Ah, linked list corruption. That's what my guess was going to be based on looking at the code.

dankamongmen commented 3 years ago

Ah, linked list corruption. That's what my guess was going to be based on looking at the code.

absolutely, i am the suck. i'll have it fixed in 10min, but you're welcome to race if you'd like =]. SHOULDA USED RUST.

dankamongmen commented 3 years ago

and by the way i can't thank you and @Ikke enough, nor the rest of Alpine. i've no idea why yours is the only config that caught this, but you've done me a tremendous service.

dankamongmen commented 3 years ago

ok yeah, in ncplane_reparent() we're improperly splicing the reparented plane's children into the pile's root list. stupid me!

kaniini commented 3 years ago

musl's malloc-ng malloc implementation catches a lot of bugs like these. if you're interested, i could set up alpine-based CI using github actions.

dankamongmen commented 3 years ago

musl's malloc-ng malloc implementation catches a lot of bugs like these. if you're interested, i could set up alpine-based CI using github actions.

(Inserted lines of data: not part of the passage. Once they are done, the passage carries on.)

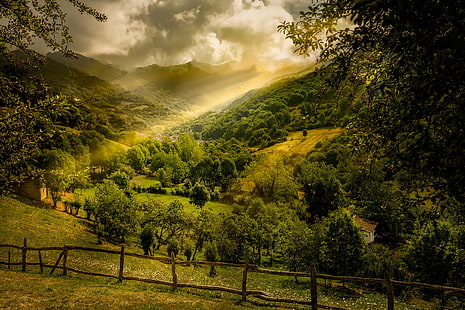 grüne blätter bäume in den bergen, de, grüne blätter, bäume, berg, landschaften, lena asturias, spanien, natur, landschaft, im freien, ländliche szene, baum, hügel, landschaftsbilder, grüne farbe, wald, HD-Hintergrundbild HD wallpaper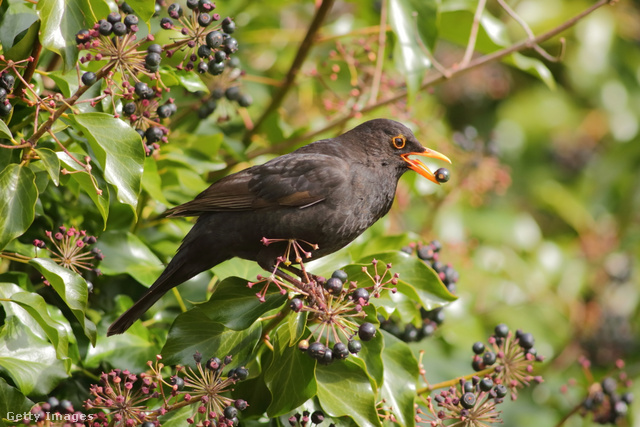 A borostyán és a vadszőlő termései fogyaszthatók a madarak számára
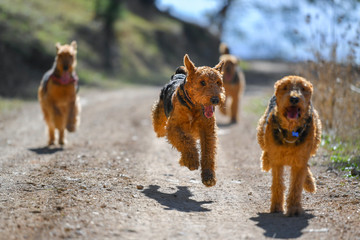 Two-year-old Airedale Terrier dogs run and play in the forest, in the lap of nature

i've got a ci server at https://drone.dsscaw.com:4443/ (or i did, anyway; it apparently has stopped), that i've been meaning to throw alpine onto. the musl observation is a compelling one. certainly don't let me stop you from setting up whatever you'd like, of course, but yeah throwing an alpine build into .drone.yml sounds like a great idea.

dankamongmen commented 3 years ago

with that said, if you're offering to do this because you're interested in getting involved with notcurses, i'd be delighted to have you aboard, and am happy to let you take over whatever you'd like.

dankamongmen commented 3 years ago

i've got a fix for this. valgrind now runs clear.

kaniini commented 3 years ago

I do have some interest in notcurses; for example I am interested in using it as a basis for a replacement Alpine installer, modelled after FreeBSD's bsdinstall.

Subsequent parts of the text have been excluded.